The first year I worked at the thoroughbred farm, we had three foals born. One of those babies was William (Haileybury). He was crazy Bernice’s first foal.
This year, William is five. Due to a whole variety of circumstances (no stalls available, a bad virus that he took a long time recovering from, etc.), he was a bit late to go into training, and did not progress as quickly as might be hoped. This was his third year to go down to the track, but he has not yet raced.
The day before yesterday, William broke down. I was sick when I heard the news. All they knew at that point was that something was broken. Turns out that it was a non-displaced condylar fracture of the cannon bone. He had no prior injuries, and nothing noticeable happened to cause the break. He was fine on the track, but by the time they got him back to the barn, the leg was swelling up and he was quite lame. The vet came to x-ray it. He was put into a cast while discussions about his future went on.
There is no chance of William ever returning to race training at this point. He’s just too old to go through a lengthy recovery and come back. He’d be a maiden six-year-old. So that makes him a completely valueless horse who has never won a cent. However, William is good, honest little horse who has done everything anyone ever asked of him.
Really, there were three choices…. 1 – euthanize him, 2 – cast him and put him on stall rest for many months and pray that he doesn’t displace the fracture during the healing process, or 3 – send him to a clinic and pay thousands of dollars to have the leg surgically pinned back together. The best (and only sensible) business decision would, of course, be option 1. Which, of course, was not the decision made. Thank goodness.

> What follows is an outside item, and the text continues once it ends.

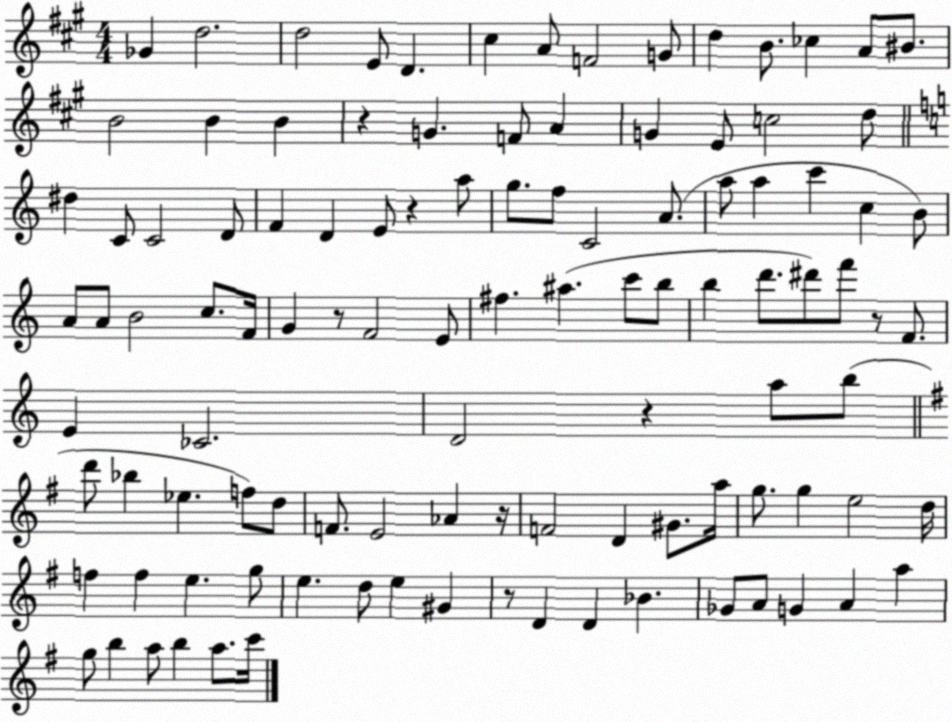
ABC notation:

Today he was shipped over to Milton to the Equine Hospital. The vet says he arrived safely, without displacing the fracture. He was such a good boy that she was able to do the x-ray there without any help. He stood perfectly still for her. The vet thinks two screws will be enough.
He’s in surgery right now as I type. If the leg comes apart, or is worse than the x-rays indicate, there will be no choice but to euthanize. If he comes through the surgery safely, he has a very good chance of coming out sound after time to rehab.